I Bought a Coffee Mug
I broke my favorite coffee mug in the kitchen. I also broke my previous favorite mug, several years ago, probably also by dropping it on the kitchen floor. That one had already survived its handle getting broken off when it was banged against the sink. I'd superglued the handle back on, and miraculously, it remained in a state of repair for many years and through many dishwasher cycles. I don't know how that was possible in the most thin, fragile, load-bearing part of the mug, but I treasured that thing.
Both of my favorite mugs were handmade ceramic. They had decorations made from a wax resist in the glaze, which left the underlying red-brown clay artfully exposed in silhouette-like shapes. The older mug was glazed in gradations of deep green, with the form of an evergreen tree on the side; I'd bought it when I lived in the redwoods of Arcata, California. The newer mug was really new, just six months old, and had a flower pattern against a field of freckled, sand-colored glaze. Both were made by local ceramic artists selling at street fairs. I hate buying mass-produced mugs from retail shops, no matter how pretty they might be. Mugs feel like a thing you should always buy secondhand unless you find one that's extra special. Like children's clothing, they are easily destroyed by their owners, and are consigned to thrift shops in bulk when someone finally decides to clean out that overcrowded cabinet. People gift you cutesy ones without knowing your taste, and you force yourself to use them a few times before going back to your favorite.
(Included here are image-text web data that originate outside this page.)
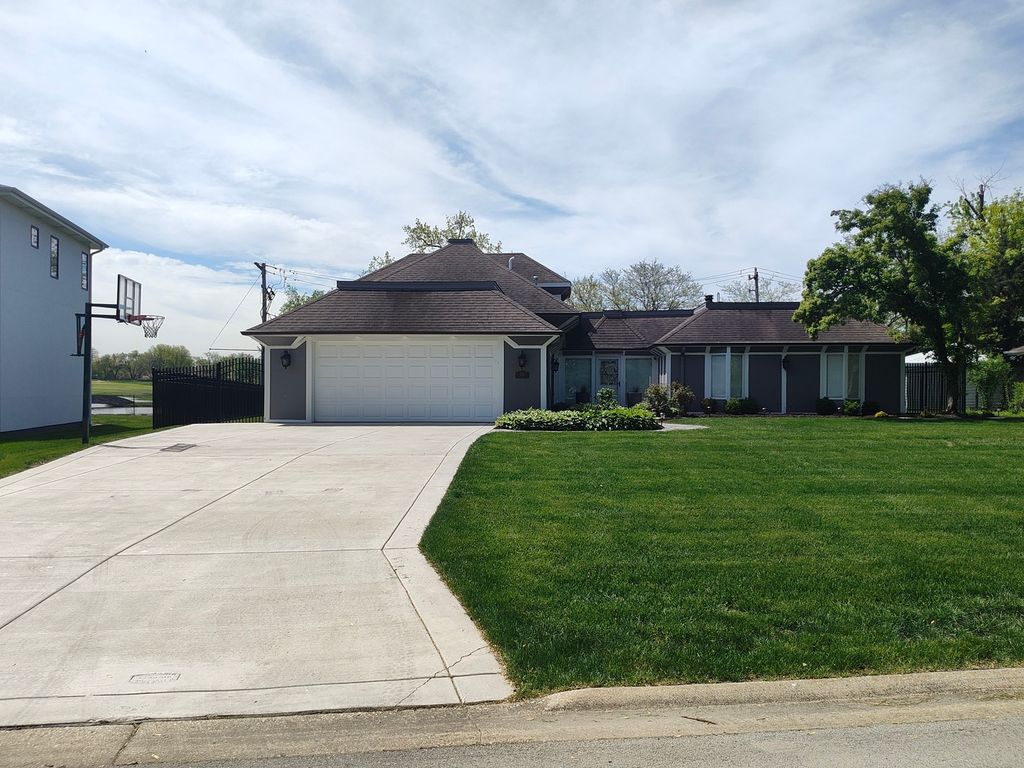 544 W 58th Place, Hinsdale, IL 60521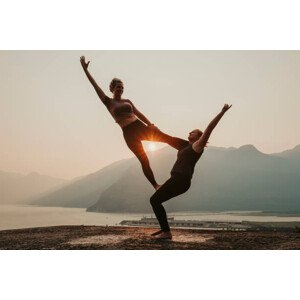 Fotografie Two women do acroyoga on top, Alex Ratson, 40 × 26.7 cm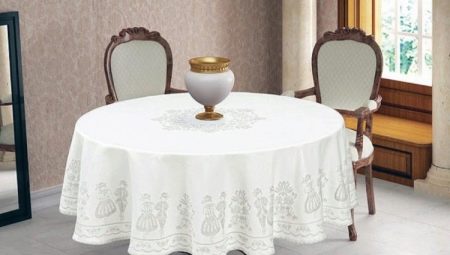 All about tablecloths for round tables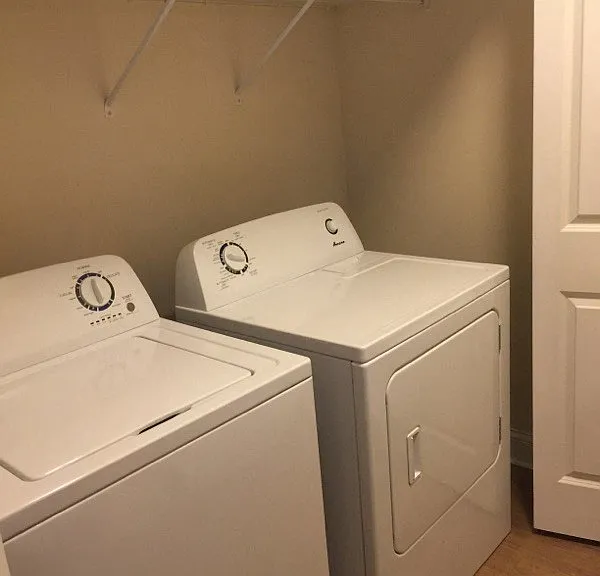 Monon Place II (Modern), Managed by Buckingham Monon Living — Photo 35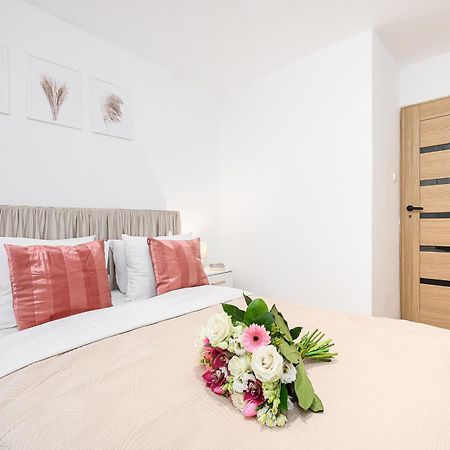 ורשה Lumina Apartment Opposite The Palace Of Culture And Science מראה חיצוני תמונה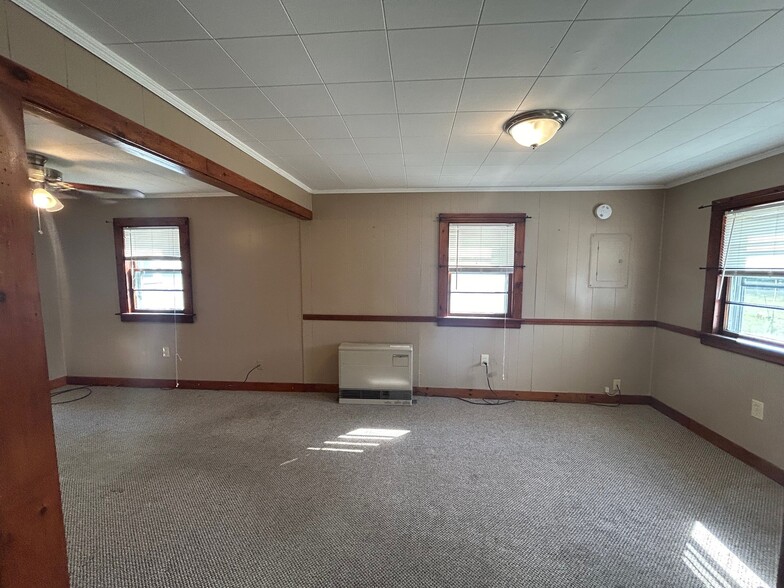 Building Photo - 31 W Old Orchard Ave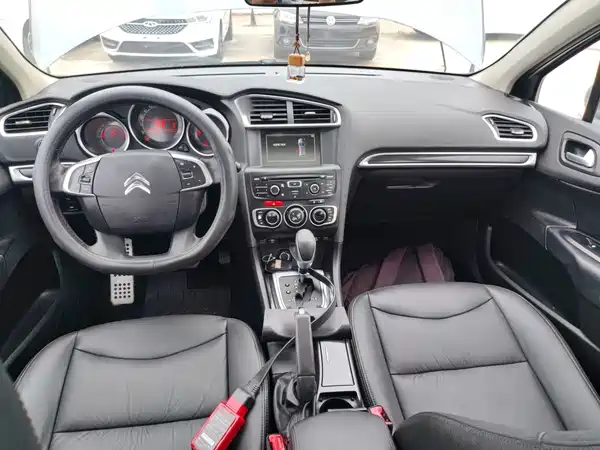 Citroën C4L 2015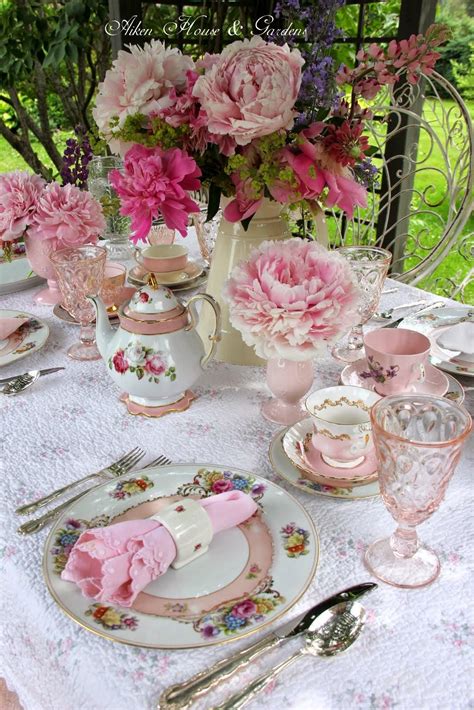 un te en el jardin para mama tea party table high tea party tea party garden garden parties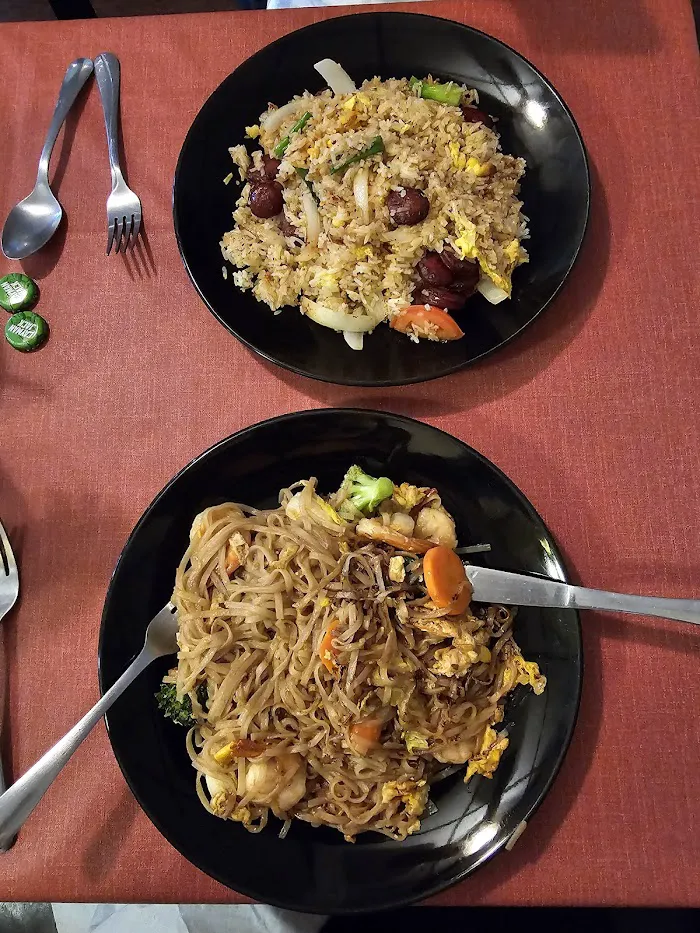 Twist On Thai Cafe 8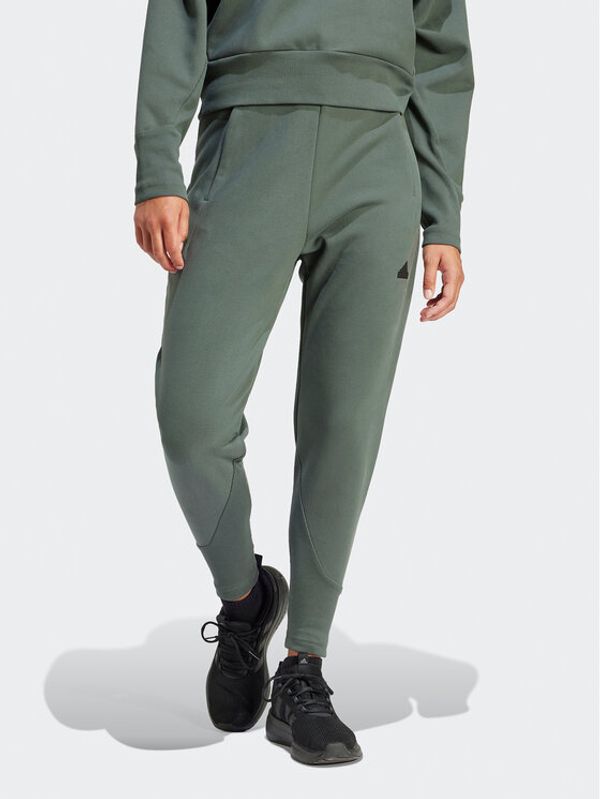 adidas adidas Donji dio trenerke Z.N.E. Winterized IS4333 Zelena Regular Fit
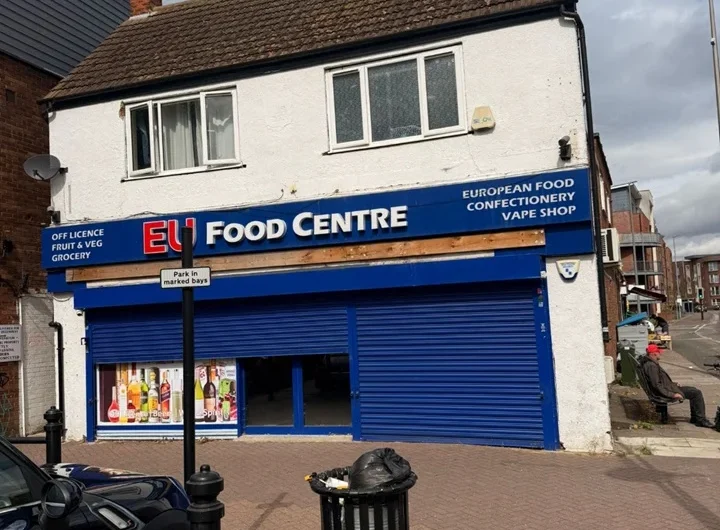 For Rent, Modern 1-Bedroom Fully Furnished Flat in the Heart of Bletchley MK2!!!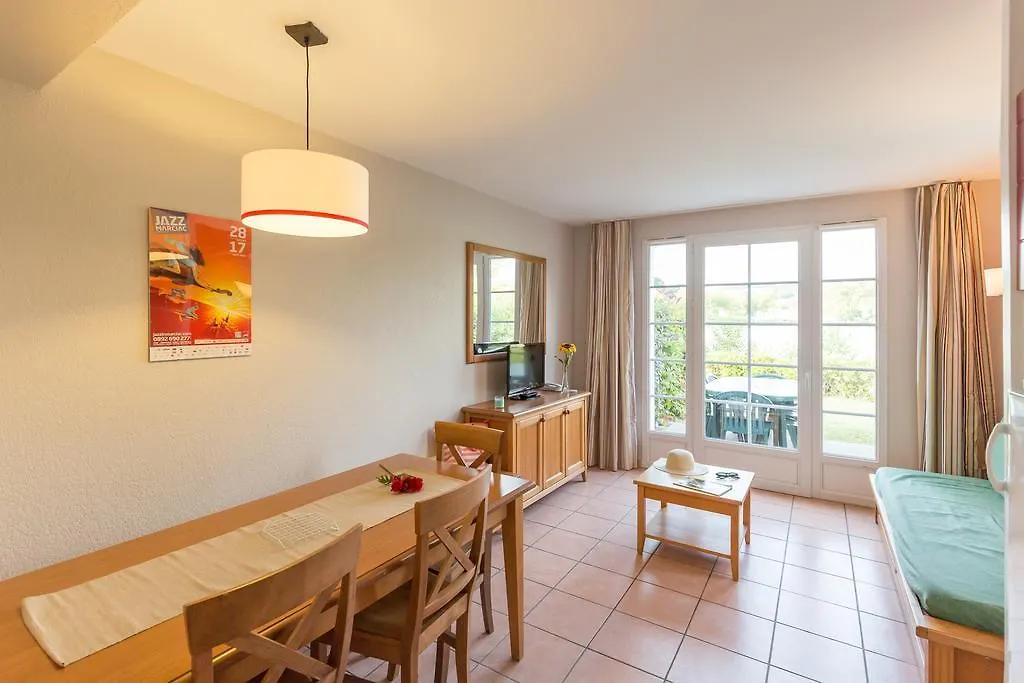 Residence Pierre & Vacances Le Hameau Du Lac Marciac Holiday park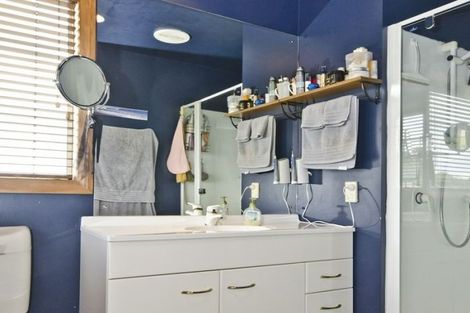 Photo of property in 94 Campbell Road, One Tree Hill, Auckland, 1061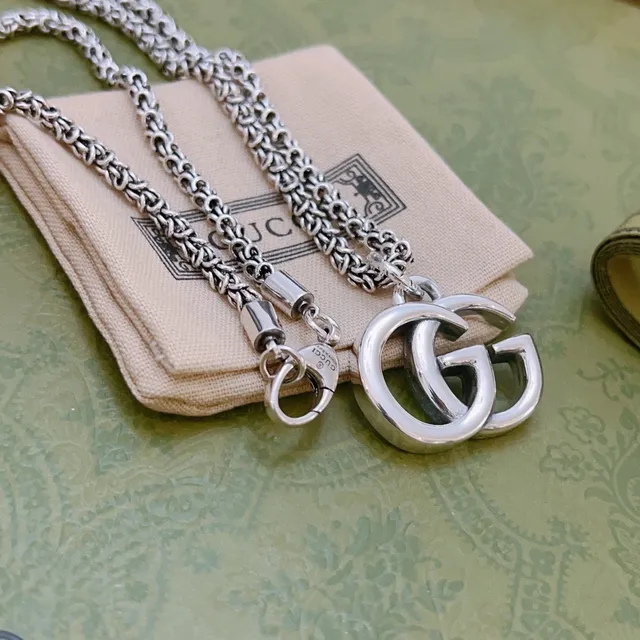 Gucci GG Marmont Interlocking Double G Silver-Tone Necklace 4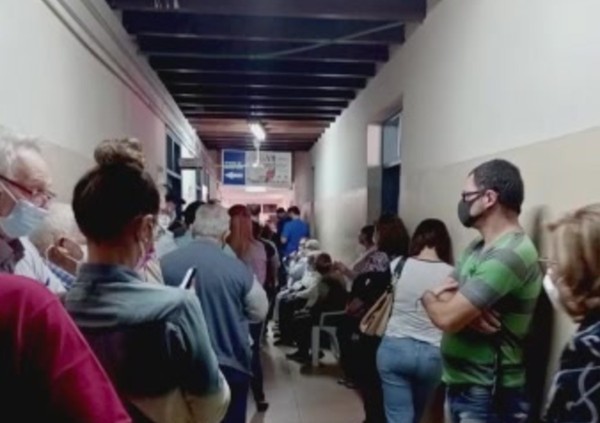 Hospital de Trinidad: Agendados esperaron varias horas y se vacunarán mañana - C9N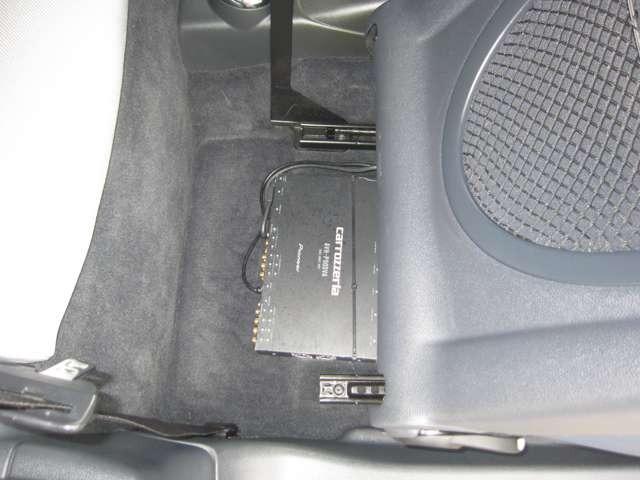 ＭＩＮＩ クーパーＳ　チェックメイト　車高調　インタークーラー　マフラー　ナビ＆ＴＶ＆ＥＴＣ（50枚目）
You feel guilty buying new, knowing that secondhand options abound, even though the mug-industrial complex is surely less destructive than the modern clothing business.
I try not to buy many coffee mugs in general, because it's too easy to fill a cupboard with them, taking up an amount of space disproportionate to how often they get used in a day. I don't have hooks or any other clever storage option; they just get stacked on top of each other, which is tricky since they all have differently sized bases and openings. Mugs are not meant to be in a matching set unless you're operating an Airbnb or staging your house for selling. They should be collected, like various species of butterfly captured from a meadow. They should be souvenirs. I still have a mug advertising Old Town Sacramento, from childhood, and a Tigger mug that was purchased at Disney World when I turned eighteen. Insulated travel mugs are a slightly different beast, but they're also collectibles: I have a travel mug from New York, and another one that reminds me of the favorite coffee shop in the neighborhood my husband and I formerly lived in. My special mugs are relics that survive the occasional kitchen purge until they get irreversibly chipped or stained.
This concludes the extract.